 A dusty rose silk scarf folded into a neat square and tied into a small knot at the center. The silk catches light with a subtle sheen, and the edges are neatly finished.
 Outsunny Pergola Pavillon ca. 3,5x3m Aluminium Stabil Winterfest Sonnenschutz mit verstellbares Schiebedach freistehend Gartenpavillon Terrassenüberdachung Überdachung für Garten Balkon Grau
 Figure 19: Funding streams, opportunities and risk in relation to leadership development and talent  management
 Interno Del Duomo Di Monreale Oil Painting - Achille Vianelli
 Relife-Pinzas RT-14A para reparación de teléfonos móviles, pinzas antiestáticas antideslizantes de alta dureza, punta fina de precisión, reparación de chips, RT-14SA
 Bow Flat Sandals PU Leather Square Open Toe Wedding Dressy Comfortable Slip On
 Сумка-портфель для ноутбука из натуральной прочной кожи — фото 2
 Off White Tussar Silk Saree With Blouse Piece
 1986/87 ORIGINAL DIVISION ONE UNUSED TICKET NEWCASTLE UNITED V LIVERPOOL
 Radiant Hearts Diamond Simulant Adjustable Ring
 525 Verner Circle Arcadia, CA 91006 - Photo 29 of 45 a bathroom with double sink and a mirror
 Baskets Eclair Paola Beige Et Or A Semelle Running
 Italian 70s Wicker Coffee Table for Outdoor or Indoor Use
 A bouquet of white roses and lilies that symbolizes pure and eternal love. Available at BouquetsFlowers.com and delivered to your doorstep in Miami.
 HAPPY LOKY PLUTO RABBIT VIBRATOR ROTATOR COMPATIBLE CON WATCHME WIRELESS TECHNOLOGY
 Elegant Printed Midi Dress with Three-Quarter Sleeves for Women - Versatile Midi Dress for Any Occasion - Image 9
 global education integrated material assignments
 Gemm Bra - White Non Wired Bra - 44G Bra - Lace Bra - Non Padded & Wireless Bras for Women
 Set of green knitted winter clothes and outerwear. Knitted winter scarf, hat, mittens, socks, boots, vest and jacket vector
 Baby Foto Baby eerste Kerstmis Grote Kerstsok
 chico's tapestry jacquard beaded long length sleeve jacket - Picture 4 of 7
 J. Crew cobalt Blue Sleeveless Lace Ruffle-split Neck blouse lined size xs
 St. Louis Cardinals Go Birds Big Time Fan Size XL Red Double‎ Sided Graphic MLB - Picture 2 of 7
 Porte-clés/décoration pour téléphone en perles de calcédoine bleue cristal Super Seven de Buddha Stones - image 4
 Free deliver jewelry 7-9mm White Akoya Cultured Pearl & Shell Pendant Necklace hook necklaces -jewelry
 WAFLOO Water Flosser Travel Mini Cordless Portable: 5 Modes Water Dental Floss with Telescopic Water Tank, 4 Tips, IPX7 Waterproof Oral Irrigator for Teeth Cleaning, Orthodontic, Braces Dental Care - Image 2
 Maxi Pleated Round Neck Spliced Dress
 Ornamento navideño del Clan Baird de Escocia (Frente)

================

_ACTIVITY_. Quote all the records. Keep every word exact.

_PROBLEM SOLUTION_.
 A dusty rose silk scarf folded into a neat square and tied into a small knot at the center. The silk catches light with a subtle sheen, and the edges are neatly finished.
 Outsunny Pergola Pavillon ca. 3,5x3m Aluminium Stabil Winterfest Sonnenschutz mit verstellbares Schiebedach freistehend Gartenpavillon Terrassenüberdachung Überdachung für Garten Balkon Grau
 Figure 19: Funding streams, opportunities and risk in relation to leadership development and talent  management
 Interno Del Duomo Di Monreale Oil Painting - Achille Vianelli
 Relife-Pinzas RT-14A para reparación de teléfonos móviles, pinzas antiestáticas antideslizantes de alta dureza, punta fina de precisión, reparación de chips, RT-14SA
 Bow Flat Sandals PU Leather Square Open Toe Wedding Dressy Comfortable Slip On
 Сумка-портфель для ноутбука из натуральной прочной кожи — фото 2
 Off White Tussar Silk Saree With Blouse Piece
 1986/87 ORIGINAL DIVISION ONE UNUSED TICKET NEWCASTLE UNITED V LIVERPOOL
 Radiant Hearts Diamond Simulant Adjustable Ring
 525 Verner Circle Arcadia, CA 91006 - Photo 29 of 45 a bathroom with double sink and a mirror
 Baskets Eclair Paola Beige Et Or A Semelle Running
 Italian 70s Wicker Coffee Table for Outdoor or Indoor Use
 A bouquet of white roses and lilies that symbolizes pure and eternal love. Available at BouquetsFlowers.com and delivered to your doorstep in Miami.
 HAPPY LOKY PLUTO RABBIT VIBRATOR ROTATOR COMPATIBLE CON WATCHME WIRELESS TECHNOLOGY
 Elegant Printed Midi Dress with Three-Quarter Sleeves for Women - Versatile Midi Dress for Any Occasion - Image 9
 global education integrated material assignments
 Gemm Bra - White Non Wired Bra - 44G Bra - Lace Bra - Non Padded & Wireless Bras for Women
 Set of green knitted winter clothes and outerwear. Knitted winter scarf, hat, mittens, socks, boots, vest and jacket vector
 Baby Foto Baby eerste Kerstmis Grote Kerstsok
 chico's tapestry jacquard beaded long length sleeve jacket - Picture 4 of 7
 J. Crew cobalt Blue Sleeveless Lace Ruffle-split Neck blouse lined size xs
 St. Louis Cardinals Go Birds Big Time Fan Size XL Red Double‎ Sided Graphic MLB - Picture 2 of 7
 Porte-clés/décoration pour téléphone en perles de calcédoine bleue cristal Super Seven de Buddha Stones - image 4
 Free deliver jewelry 7-9mm White Akoya Cultured Pearl & Shell Pendant Necklace hook necklaces -jewelry
 WAFLOO Water Flosser Travel Mini Cordless Portable: 5 Modes Water Dental Floss with Telescopic Water Tank, 4 Tips, IPX7 Waterproof Oral Irrigator for Teeth Cleaning, Orthodontic, Braces Dental Care - Image 2
 Maxi Pleated Round Neck Spliced Dress
 Ornamento navideño del Clan Baird de Escocia (Frente)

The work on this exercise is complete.